Ebenso verrückt kann es erscheinen, dass wir heute einen Feiertag feiern, an dem  an drei Weise erinnert wird, die sich auf den Weg gemacht haben, um einem Stern zu folgen.

Es müssen sehr mutige Menschen gewesen sein, diese Sterndeuter. Wer wagt schon gern einen Aufbruch ins Unbekannte? Sie folgen einem Traum, der ihnen den Mut gibt, alles auf eine Karte zu setzen und sich auf eine mühsame Reise einzulassen. Und sie sind offen für das Unerwartete. Denn der Stern führt sie nicht wie erwartet in einen Palast, sondern in einen erbärmlichen Stall. Nicht zu einem starken König, sondern zu einem schwachen, wehrlosen Kind. Und das ist das eigentliche Wunder.

Die Sterndeuter vertrauen darauf, dass sich ihre Vision in dieser anspruchslosen Umgebung erfüllt. Sie brauchen kein spektakuläres Ereignis und keinen entsprechenden Rahmen. Sie können Gottes Gegenwart in einem stinknormalen Stall entdecken, bei einer Familie mit ihrem neugeborenen Kind.

Das ist eine Botschaft, die ich in der Tat jedes Jahr neu verinnerlichen kann: Die Nähe Gottes kann für mich erfahrbar werden –in kleinen gewöhnlichen Dingen. Wenn ich Menschen begegne, die mir ihr Vertrauen schenken und denen ich vertrauen kann, ohne dass wir uns es verdienen mussten. Wenn ich in einer Pause einen kleinen Abstecher in die Natur mache und mir kleine Augenblicke des Friedens geschenkt werden.

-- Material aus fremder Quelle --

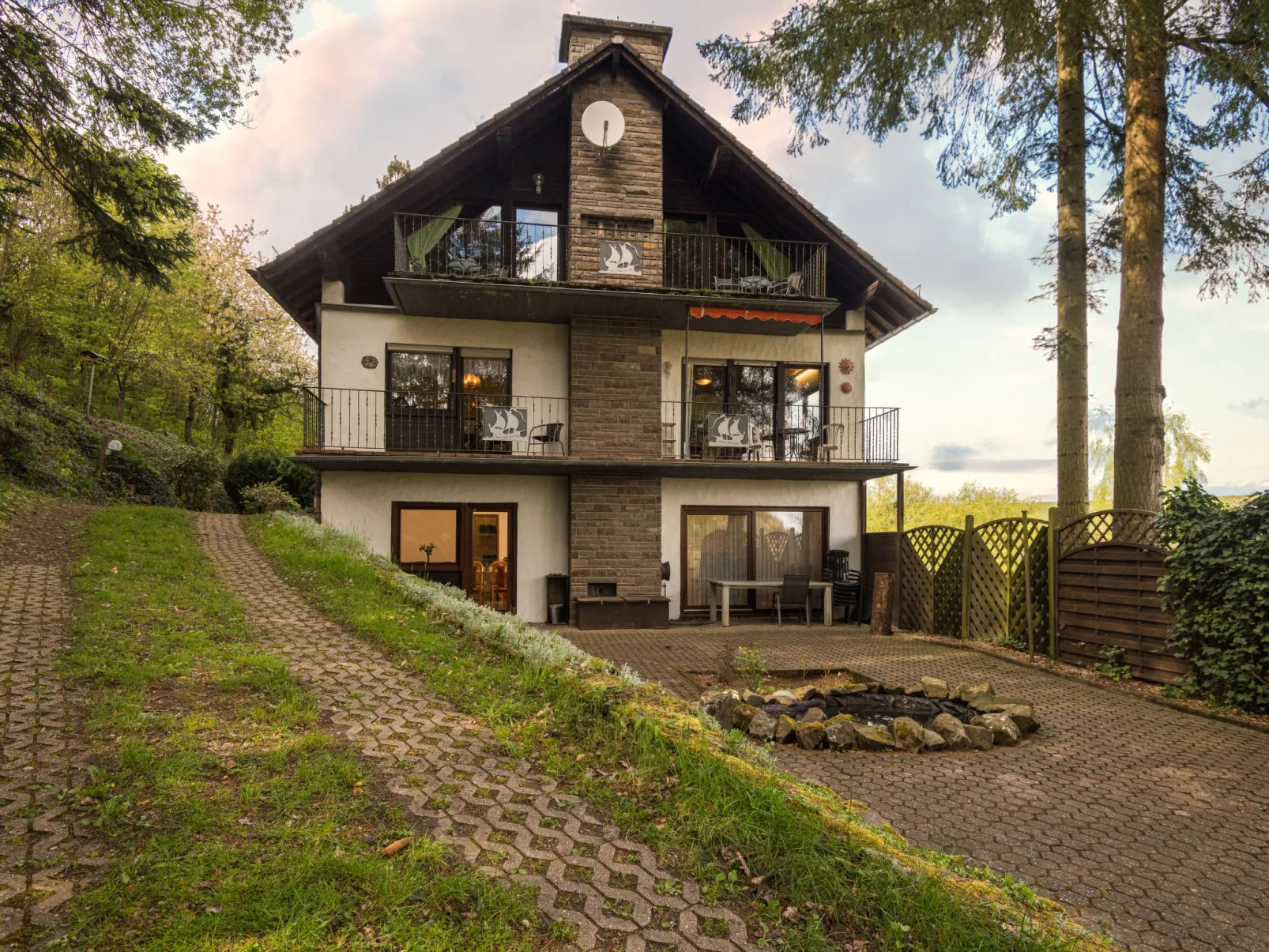 Eifelnatur (Haus 1)-Buiten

Die Botschaft der Sterndeuter ist für mich ein bisschen wie damals, als ich nach dem Schatz am Ende des Regenbogens gesucht habe. Es ist gut,  sich innerlich immer wieder auf das Unerwartete einzulassen. Sich auf eine verrückte Suche nach Gott zu machen, der sich oft ganz anders zeigt, als ich es denke. Oder der sich mir entzieht wie das Ende eines Regenbogens. Und selbst wenn ich diesen Schatz nie ganz fassen kann, er ist da.